The help page tells the name of the package in the top left, and broken down into sections:
The examples can be copy-pasted into the console for you to understand what’s going on. Remember we were talking about expecting there to be a function for something you want to do? Let’s try it. min()
, max()
, log()
…
Exercise: Talk to your neighbor(s) and look up the help file for a function you know. Try the examples, see if you learn anything new. (need ideas?
?getwd()
,?plot()
,?mean()
,?log()
).
Help for when you only sort of remember the function name: double-questionmark:
??install
Not all functions have (or require) arguments:
date()
## [1] "Thu Aug 17 12:14:33 2017"
Now look at your workspace – in the upper right pane. The workspace is where user-defined objects accumulate. You can also get a listing of these objects with commands:
objects()
## [1] "science_rocks" "this_is_a_really_long_name"
## [3] "weight_kg" "weight_lb"
## [5] "x"
ls()
## [1] "science_rocks" "this_is_a_really_long_name"
## [3] "weight_kg" "weight_lb"
## [5] "x"
If you want to remove the object named weight_kg
, you can do this:
rm(weight_kg)
To remove everything:
rm(list = ls())
or click the broom in RStudio’s Environment pane.
Exercise: Clear your workspace, then create a few new variables. Create a variable that is the mean of a sequence of 1-20. What’s a good name for your variable? Does it matter what your ‘by’ argument is? Why?
So we will talk about scripts in a moment, but first let’s talk about where they should live.
We’re not going to cover workspaces today, but this is another alternative to scripts. You can learn about it in this RStudio article: Working Directories and Workspaces.
Any process running on your computer has a notion of its “working directory”. In R, this is where R will look, by default, for files you ask it to load. It is also where, by default, any files you write to disk will go. You have a sense of this because whenever you go to save a Word doc or download, it asks where. You often have to navigate to put it exactly where you want it. There are a few ways to check your working directory in RStudio.
You can explicitly check your working directory with:
getwd()
It is also displayed at the top of the RStudio console.
As a beginning R user, it’s OK let your home directory or any other weird directory on your computer be R’s working directory. Very soon, I urge you to evolve to the next level, where you organize your analytical projects into directories and, when working on Project A, set R’s working directory to Project A’s directory.
You can set R’s working directory at the command line like so. You could also do this in a script.
setwd("~/myCoolProject")
But there’s a better way. A way that also puts you on the path to managing your R work like an expert.
Keeping all the files associated with a project organized together – input data, R scripts, analytical results, figures – is such a wise and common practice that RStudio has built-in support for this via its projects. More here: Using Projects.
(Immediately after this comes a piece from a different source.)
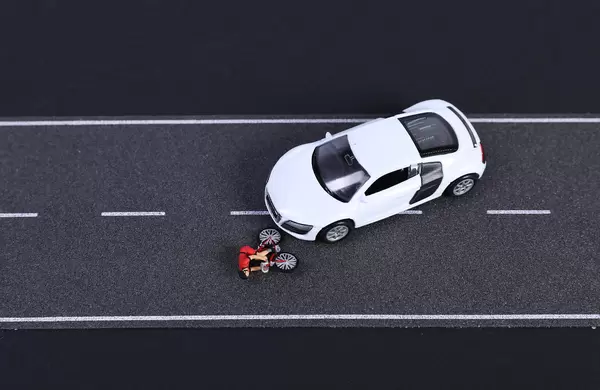 Crash with cyclist and white sports car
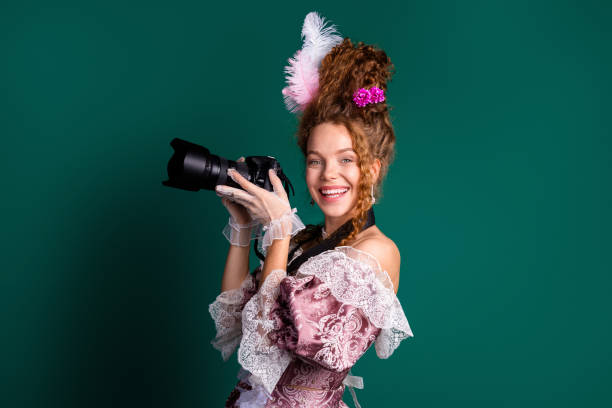 istock Young woman in baroque costume holding camera against green backdrop, blending elements from eras past and modern styles 2202223976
Let’s make one to use for the rest of today.
Do this: File > New Project … New Directory > Empty Project. The directory name you choose here will be the project name. Call it whatever you want (or follow me for convenience).
I created a directory and, therefore RStudio project, called data-carpentry
in a folder called tmp
in my home directory, FYI. What do you notice about your RStudio pane? Look in the right corner–‘data-carpentry’.
Now check that the “home” directory for your project is the working directory of our current R process:
getwd()
# "/Users/julialowndes/tmp/data-carpentry"
About paths: The above is the absolute path: it starts at the /Users
root and is specific to my computer (julialowndes
) and where I saved it. So if I did an analysis with this filepath, it wouldn’t work on your computer before you altered the filepath.
But with an RStudio project, your paths within this project can be relative, which means they start in the data-carpentry
folder, wherever it is. So we can just use filepaths within our project from a relative place, and it can work on your computer or mine, without worrying about the absolute paths. (Analogy: I can give you directions from this building to the pub, since we’re all here in this shared space already. I can’t give you all directions from your home to this building and then the pub, because you all live in different places. But I can give directions relative to this building).
It’s been great to play around in the console, but we are really here to focus on reproducible analyses, and that means saving our work in a script that can be rerun. Create a new R script by going to File > New File > R Script or going to the little plus at the top left of the RStudio console. Put a comment at the top of this script for now:
## 2017-08-17-my-script.r
## Julie Lowndes lowndes@nceas.ucsb.edu
Click on the floppy disk to save. Give it a name ending in .R
or .r
, and use no spaces in the name. I named mine 2017-08-17-my-script.r
and note that, by default, it will go in the directory associated with your project. It is traditional to save R scripts with a .R
or .r
suffix. (check out Jenny Bryan’s rules for naming filesnames here)
Let’s also create a folder in our Project called ‘data’ (all lowercase). You can do this in your Finder/Windows Explorer as you would normally, or you can do it from RStudio, using the Files tab in the bottom right pane.
We will use the download.file()
function to download data from figshare online. Let’s look up ?download.file()
in the help first.
Let’s run this. Unlike when we typed in the console, hitting ‘enter’/‘return’ won’t execute the command; we’ve essentially just written it in a text file. So to execute it, we’ll have to press the ‘Run’ button in the top right of the editor pane, or a shortcut is command-enter.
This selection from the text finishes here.